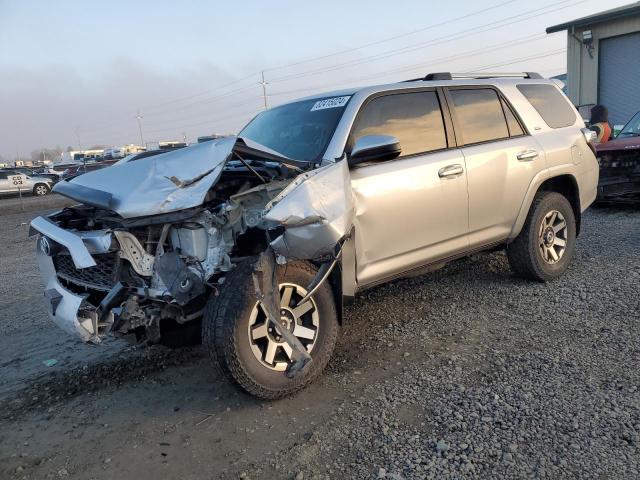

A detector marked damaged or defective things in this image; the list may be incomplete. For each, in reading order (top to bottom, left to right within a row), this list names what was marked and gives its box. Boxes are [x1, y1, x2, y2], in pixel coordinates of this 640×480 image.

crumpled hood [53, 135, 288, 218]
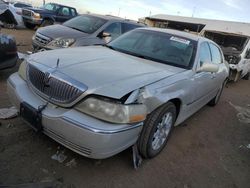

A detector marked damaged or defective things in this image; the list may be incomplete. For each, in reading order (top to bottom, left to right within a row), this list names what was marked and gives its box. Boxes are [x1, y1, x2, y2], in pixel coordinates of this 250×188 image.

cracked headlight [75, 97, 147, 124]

════════

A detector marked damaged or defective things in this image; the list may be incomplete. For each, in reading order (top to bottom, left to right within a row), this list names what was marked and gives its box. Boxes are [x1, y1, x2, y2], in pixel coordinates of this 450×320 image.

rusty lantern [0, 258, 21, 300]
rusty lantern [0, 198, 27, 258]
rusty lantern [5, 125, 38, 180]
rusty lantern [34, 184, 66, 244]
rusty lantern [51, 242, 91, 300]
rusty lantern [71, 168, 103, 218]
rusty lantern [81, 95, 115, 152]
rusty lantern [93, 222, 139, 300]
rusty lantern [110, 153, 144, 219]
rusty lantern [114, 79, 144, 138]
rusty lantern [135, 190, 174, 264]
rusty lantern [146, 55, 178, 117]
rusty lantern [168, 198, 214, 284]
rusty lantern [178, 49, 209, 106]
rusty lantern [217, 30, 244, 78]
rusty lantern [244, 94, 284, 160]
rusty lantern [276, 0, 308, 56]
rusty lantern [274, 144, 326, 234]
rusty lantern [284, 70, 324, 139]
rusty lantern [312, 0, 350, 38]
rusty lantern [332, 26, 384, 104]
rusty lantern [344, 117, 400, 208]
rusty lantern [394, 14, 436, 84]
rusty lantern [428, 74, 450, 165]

════════

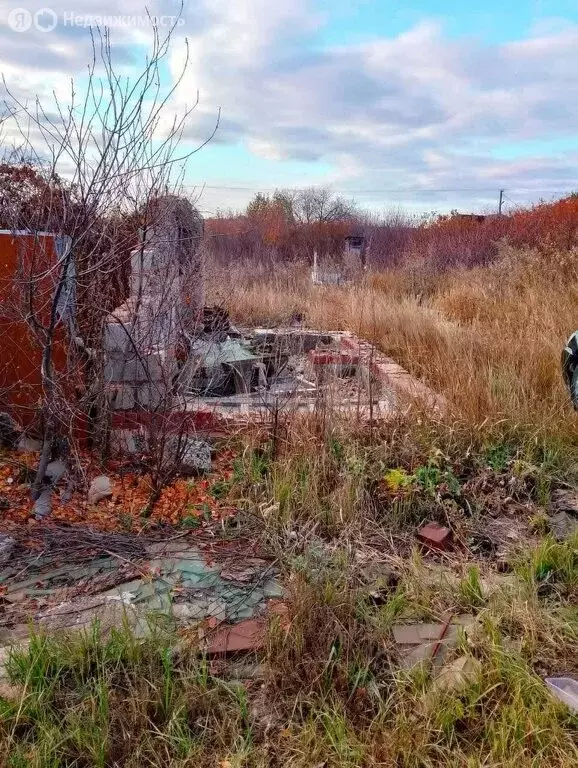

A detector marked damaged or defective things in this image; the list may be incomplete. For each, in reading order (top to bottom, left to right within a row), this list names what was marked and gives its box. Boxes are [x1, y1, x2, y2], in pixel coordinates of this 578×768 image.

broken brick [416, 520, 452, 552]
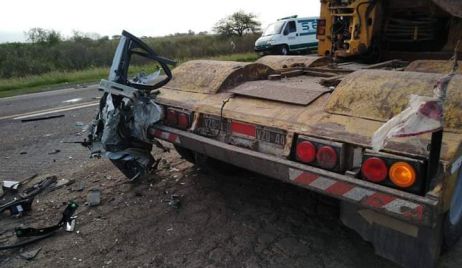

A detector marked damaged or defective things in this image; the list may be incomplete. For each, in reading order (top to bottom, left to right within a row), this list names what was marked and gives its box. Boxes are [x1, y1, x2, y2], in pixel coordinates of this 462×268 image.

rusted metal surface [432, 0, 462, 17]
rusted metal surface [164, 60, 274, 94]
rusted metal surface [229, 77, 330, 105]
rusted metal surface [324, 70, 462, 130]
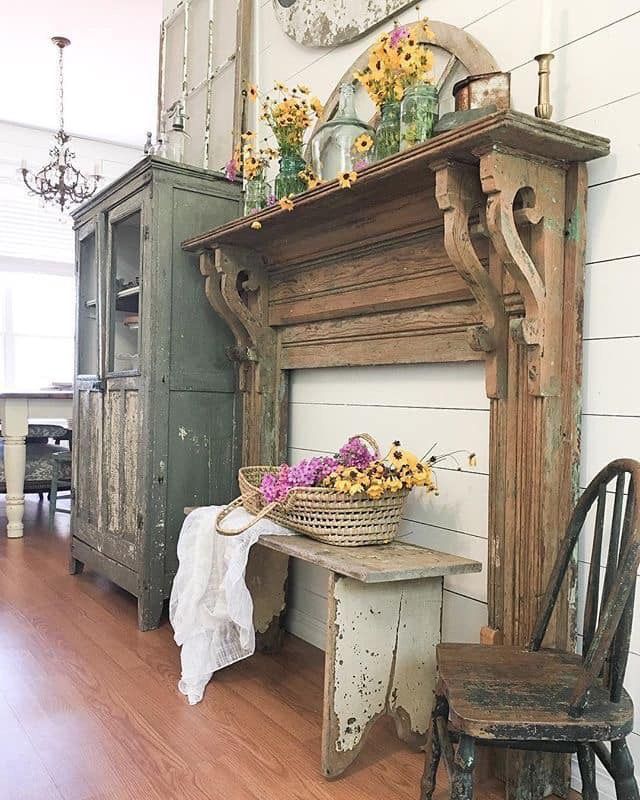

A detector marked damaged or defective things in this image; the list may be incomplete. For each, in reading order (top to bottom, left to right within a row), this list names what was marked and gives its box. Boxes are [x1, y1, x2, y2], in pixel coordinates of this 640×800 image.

════════

Go back to the listing above and reproduce, exactly, the stretch from the line bearing "this 462×268 image." through the line bearing "this 640×800 image.", without its pictures.

#### Problem solution:
A detector marked damaged or defective things in this image; the list may be incomplete. For each, in reading order (top to bottom, left to right within a row), this list names what was marked and gives its box. Boxes are [x1, y1, x2, y2], in pixel coordinates of this 462×268 image.

rusted metal surface [432, 0, 462, 17]
rusted metal surface [164, 60, 274, 94]
rusted metal surface [229, 77, 330, 105]
rusted metal surface [324, 70, 462, 130]

A detector marked damaged or defective things in this image; the list may be incomplete. For each, in reading order (top to bottom, left to right within a row), this list names what was marked and gives its box. Boxes are [x1, y1, x2, y2], in pixel coordinates of this 640×800 image.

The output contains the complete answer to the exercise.